Comparative Study of K-means, Expectation-Maximization and Density Based Clustering Algorithm
Date
Authors
Journal Title
Journal ISSN
Volume Title
Publisher
Department of Computer Science and Information Technology
Abstract
Data mining is the process of analyzing data from different perspectives and summarizing it
into useful information. This dissertation entitled ―”Comparative Study of K-means,
Expectation-maximization and density Based Clustering Algorithm” is one of the
implementation of Data Mining in which the datasets of “Heart Disease and Thyroid Disease
Data Set” are used. There is a wide range of algorithms available for clustering. This research
presents a comparative study of clustering algorithms. In experiments, the accuracy and time
taken by algorithms is evaluated by comparing the results on heart disease and thyroid
disease datasets , which is obtained from the UCI and KEEL repository using WEKA tool.
All total 597 data of heart disease datasets and 3772 data of Thyroid disease datasets are use
for implementing the algorithm.
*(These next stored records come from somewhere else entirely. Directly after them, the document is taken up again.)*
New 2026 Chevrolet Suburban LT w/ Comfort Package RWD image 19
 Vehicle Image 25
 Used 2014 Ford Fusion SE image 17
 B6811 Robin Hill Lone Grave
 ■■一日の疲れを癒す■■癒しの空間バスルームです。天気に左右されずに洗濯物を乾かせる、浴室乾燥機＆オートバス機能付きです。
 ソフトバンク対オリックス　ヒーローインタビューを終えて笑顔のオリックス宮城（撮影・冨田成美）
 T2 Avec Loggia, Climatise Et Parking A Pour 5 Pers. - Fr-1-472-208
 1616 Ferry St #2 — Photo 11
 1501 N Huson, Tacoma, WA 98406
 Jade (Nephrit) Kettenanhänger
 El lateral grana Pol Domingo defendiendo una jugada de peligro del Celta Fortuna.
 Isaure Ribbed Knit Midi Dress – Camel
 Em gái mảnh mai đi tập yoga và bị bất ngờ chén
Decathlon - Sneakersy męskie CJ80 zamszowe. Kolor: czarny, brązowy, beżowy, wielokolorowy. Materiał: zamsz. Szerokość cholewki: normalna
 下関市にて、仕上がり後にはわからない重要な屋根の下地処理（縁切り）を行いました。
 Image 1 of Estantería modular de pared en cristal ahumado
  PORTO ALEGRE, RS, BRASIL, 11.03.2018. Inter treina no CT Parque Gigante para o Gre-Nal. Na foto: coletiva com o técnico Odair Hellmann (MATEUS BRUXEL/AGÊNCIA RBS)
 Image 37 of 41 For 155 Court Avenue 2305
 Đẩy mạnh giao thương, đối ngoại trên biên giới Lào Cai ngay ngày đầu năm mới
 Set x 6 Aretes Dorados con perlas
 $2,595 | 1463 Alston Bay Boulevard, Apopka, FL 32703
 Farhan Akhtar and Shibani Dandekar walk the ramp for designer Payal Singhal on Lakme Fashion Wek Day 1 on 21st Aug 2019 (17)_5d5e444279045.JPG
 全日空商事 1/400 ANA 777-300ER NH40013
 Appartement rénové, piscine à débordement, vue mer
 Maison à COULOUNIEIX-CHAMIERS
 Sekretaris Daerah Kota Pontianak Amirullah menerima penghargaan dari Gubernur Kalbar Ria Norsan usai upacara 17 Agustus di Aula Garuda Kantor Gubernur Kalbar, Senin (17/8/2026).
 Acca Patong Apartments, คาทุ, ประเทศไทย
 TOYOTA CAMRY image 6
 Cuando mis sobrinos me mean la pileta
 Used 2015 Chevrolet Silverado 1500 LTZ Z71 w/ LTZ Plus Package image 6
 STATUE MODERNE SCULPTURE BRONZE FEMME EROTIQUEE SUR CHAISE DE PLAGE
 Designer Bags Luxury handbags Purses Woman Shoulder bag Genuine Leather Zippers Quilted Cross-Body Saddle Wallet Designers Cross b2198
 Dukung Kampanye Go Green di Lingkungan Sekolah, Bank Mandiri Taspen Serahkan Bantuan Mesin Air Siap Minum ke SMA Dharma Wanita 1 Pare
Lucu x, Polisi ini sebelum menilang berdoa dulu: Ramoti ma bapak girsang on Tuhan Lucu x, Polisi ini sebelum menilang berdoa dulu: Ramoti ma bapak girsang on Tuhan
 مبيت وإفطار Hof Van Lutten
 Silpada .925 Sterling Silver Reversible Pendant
Heart disease use 14 attributes and thyroid disease use 30
attributes.
Expectation-maximization clustering and Density based clustering takes more time to form
clusters for both datasets (heart disease and thyroid disease datasets).Simple K-means
clustering algorithms forms clusters with less time and more accuracy than other algorithms
for heart disease and thyroid disease datasets . In terms of time and accuracy K-means
produces better results as compared to other algorithms.